Mais de 1.500 professores ocuparam Praça da Matriz nesta terça-feira (15) e instalaram o Acampamento da Resistência em frente ao Palácio Piratini. O ato, convocado para marcar o Dia do Professor, transformou-se também em manifestações pela defesa da carreira, da previdência e dos direitos dos servidores, além de protesto contra o pacote de medidas apresentado pelo governador Eduardo Leite na última semana.

“Leite quer destruir a carreira do professor, taxar aposentados, punir funcionários de escola, retirar direitos e reduzir ainda mais nosso salário. Quer sacrificar o futuro do Estado em nome de um eterno ajuste fiscal que não produziu qualquer resultado positivo em cinco anos de arrocho. Quem, como Leite, está a serviço deste projeto, não está a serviço do Rio Grande do Sul”, afirmou a presidente do Cpers, Helenir Aguiar Schürer, na Praça da Matriz.

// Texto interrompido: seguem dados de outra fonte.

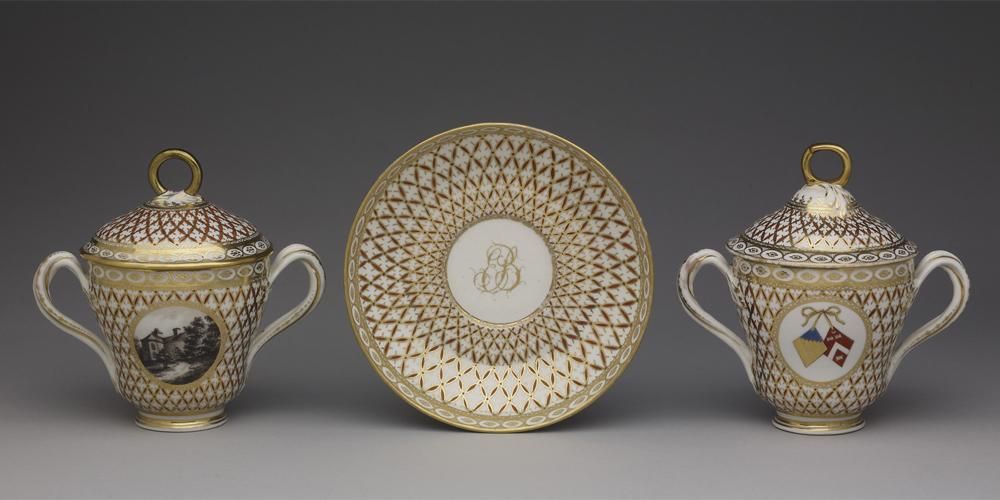 Pair of chocolate-cups, covers and saucer with twisted handles and ground diapered with network of gold and red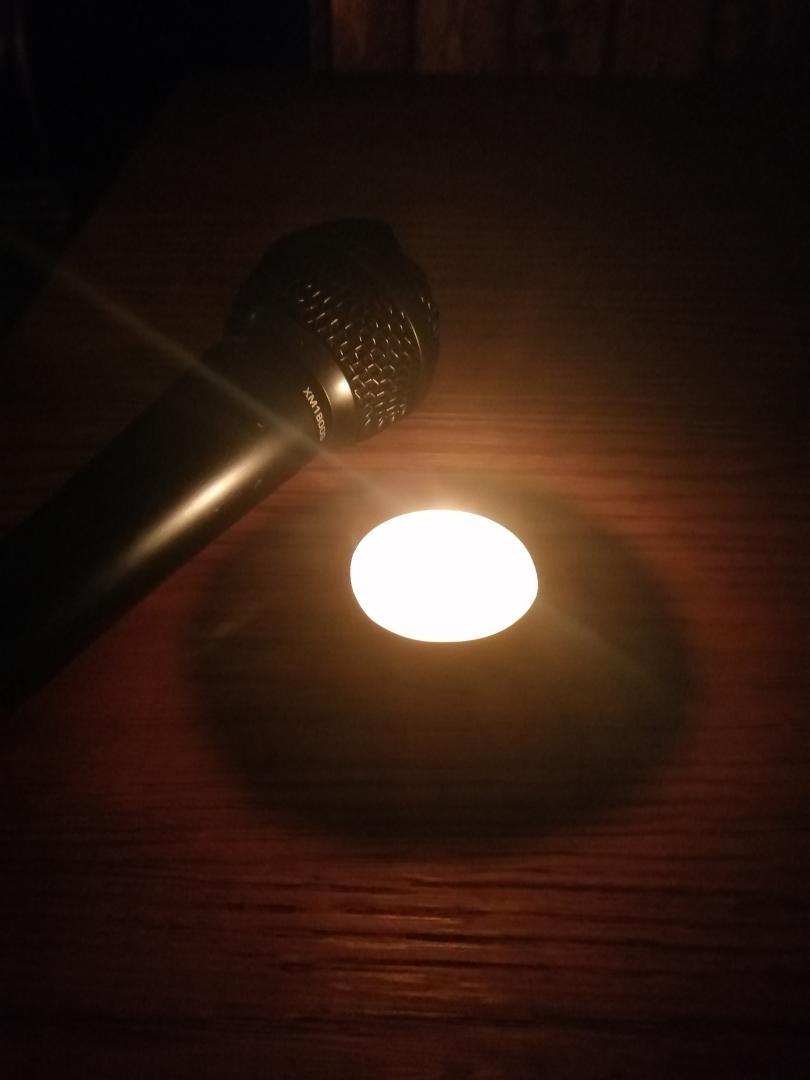A tealight candle shines in a dark space illuminating a wooden surface; just on the edge of the pool of light is a black microphone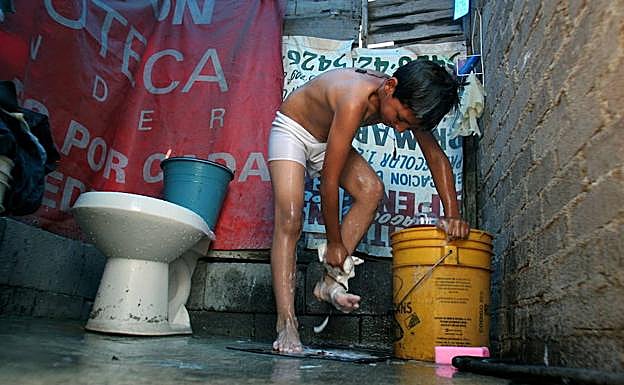 Un niño mexicano se lava con agua de un cubo antes de ir al colegio. 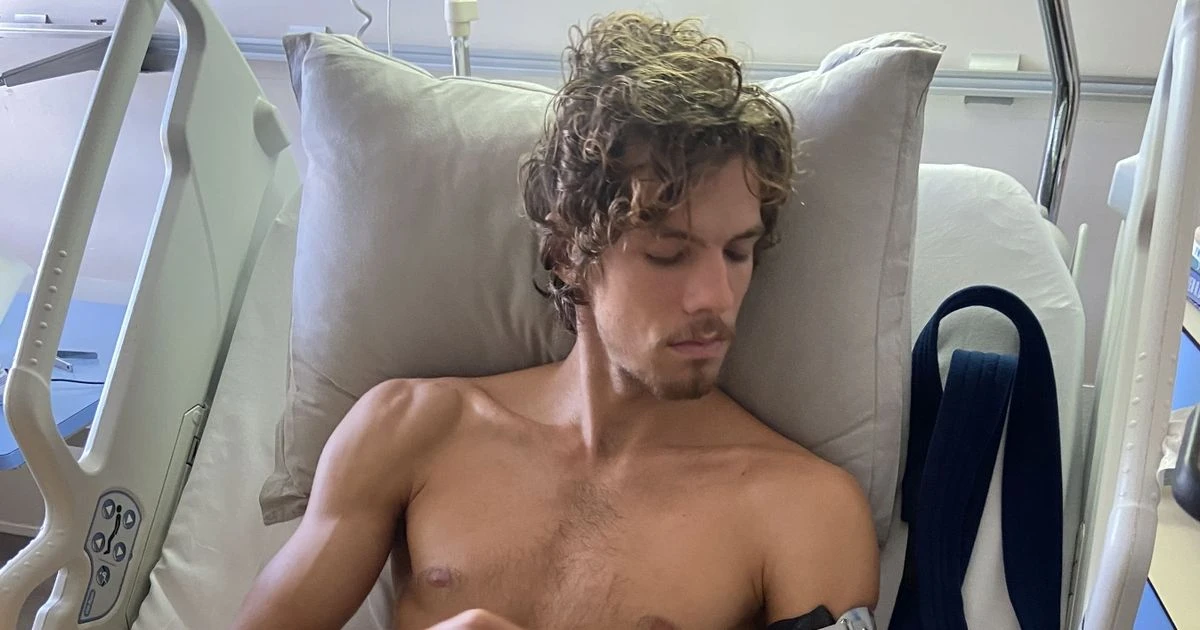 Horror photos of diver's arm minced by shark that he fought off with penknife
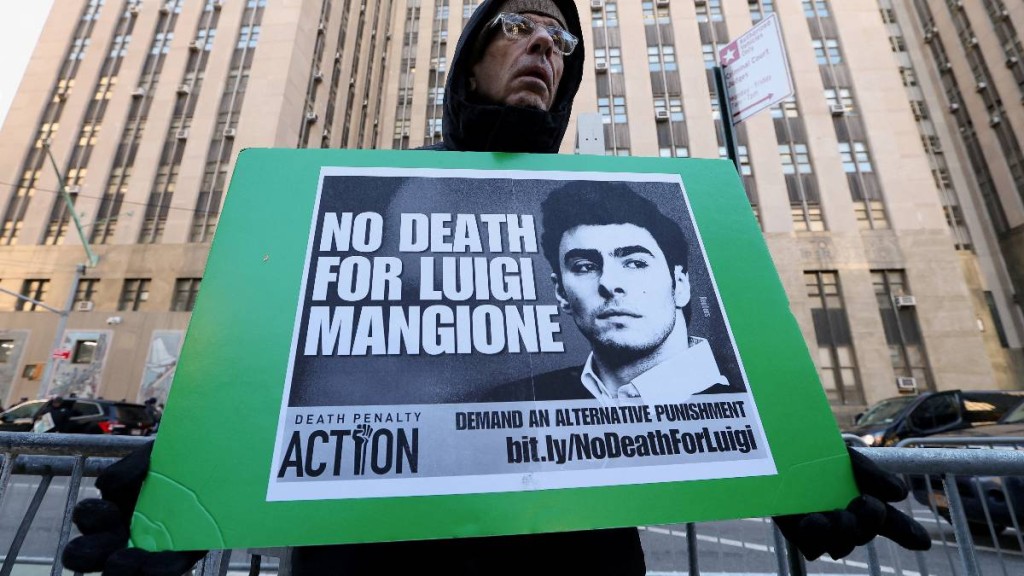 支持曼吉奧的市民  路透社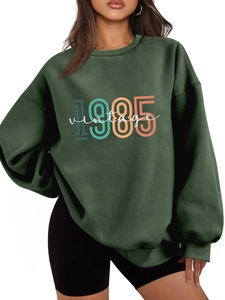 Detail of oversized dark green sweatshirt featuring a colorful 1985 vintage chest print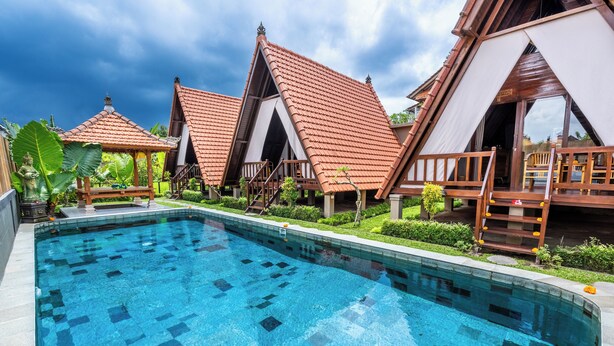 Piscina com deck revestido de azulejos, gazebos de madeira e um jardim exuberante.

“Se o pacote passar, o Rio Grande do Sul vai entrar para história como o estado em que os professores pagaram o próprio piso. É o projeto mais sacana que já vi nos meus 33 anos de magistério. É uma vergonha, uma verdadeira proposta indecente”, disse Helenir.

O Executivo defende que as medidas propostas focam a contenção da despesa vegetativa, em uma reforma da previdência que acompanhe os parâmetros da reforma nacional, e a modernização de regimes de trabalho que poderão auxiliar na rotina do serviço público.

O governador Eduardo Leite, no último dia 9, quando apresentou o pacote à categoria, argumentou que é exatamente pela necessidade de reforma que os servidores acabam atingidos.

“Os professores argumentam que não aguentam mais a situação atual dos salários, com falta de reposição. O que causou essa situação foi a estrutura atual do plano de carreira dos servidores, que demanda aporte em gratificações, que se incorporam, e fazem com que o Estado não tenha qualquer perspectiva de promover sequer a reposição inflacionária. Isso deixa muito claro que, sem dúvida, precisamos de uma reforma.”

“Foi uma conversa franca, honesta, transparente e respeitosa. Há quatro anos, o RS não consegue pagar os salários em dia, então, é evidente que precisamos, sim, adaptar a estrutura da máquina pública. Mostramos o cenário que trouxe o Estado até as condições atuais e apresentamos as perspectivas”, completou na ocasião.

apresentação que resume as principais mudanças foi disponibilizada no site do governo estadual.